Make sure anyone who has real power on the site has a secure password. Require admins/ moderators to have longer passwords with a mix of letters, numbers and symbols. Reject trivially simple passwords from regular users with an explanation.
One of the simplest things you can do is tell people when someone tried to log into their account, and give them a link to report the incident if it wasn't them. A simple message when they log in like "Someone tried to log into your account at 4:20AM Wednesday blah blah. Click here if this wasn't you." It lets you keep some statistics on attacks. You can step up monitoring and security measures if you see that there's a sudden increase in fraudulent accesses.
If I understand the MO of brute force attacks properly, then one or more usernames are tried continuously.
There are two suggestions which I don't think I've seen yet here:
- I always thought that the standard practice was to have a short delay (a second or so) after each wrong login for every user. This deters brute-force, but I don't know how long a one second delay would keep a dictionary attack at bay. (dictionary of 10,000 words == 10,000 seconds == about 3 hours. Hmm. Not good enough.)
- instead of a site-wide slow down, why not a user-name throttle. The throttle becomes increasingly harsh with each wrong attempt (up to a limit, I guess so the real user can still login)
Edit: In response to comments on a username throttle: this is a username specific throttle without regard to the source of the attack.
If the username is throttled, then even a coordinated username attack (multi IP, single guess per IP, same username) would be caught. Individual usernames are protected by the throttle, even if the attackers are free to try another user/pass during the timeout.
From an attackers point of view, during the timeout you may be able to take a first time guess at 100 passwords, and quickly discover one wrong password per account. You may only be able to make a 50 second guesses for the same time period.
From a user account point of view, it still takes the same average number of guesses to break the password, even if the guesses are coming from multiple sources.

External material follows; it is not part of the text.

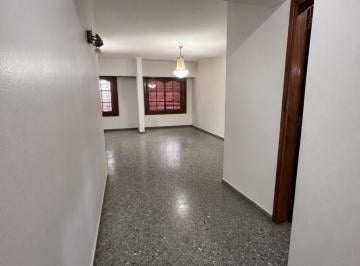 Casa · 2 Dormitorios · Casa en La Plata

For the attackers, at best, it will be the same effort to break 100 accounts as it would 1 account, but since you're not throttling on a site wide basis, you can ramp up the throttle quite quickly.
Extra refinements:
- detect IPs that are guessing multiple accounts - 408 Request Timeout
- detect IPs that are guessing the same account - 408 Request Timeout after a large (say 100) number of guesses.
UI ideas (may not be suitable in this context), which may also refine the above:
- if you are in control of the password setting, then showing the user how strong their password is encourages them to pick a better one.
- if you are in control of the login page, after a small (say 10) number of guesses of a single username, offer a CAPTCHA.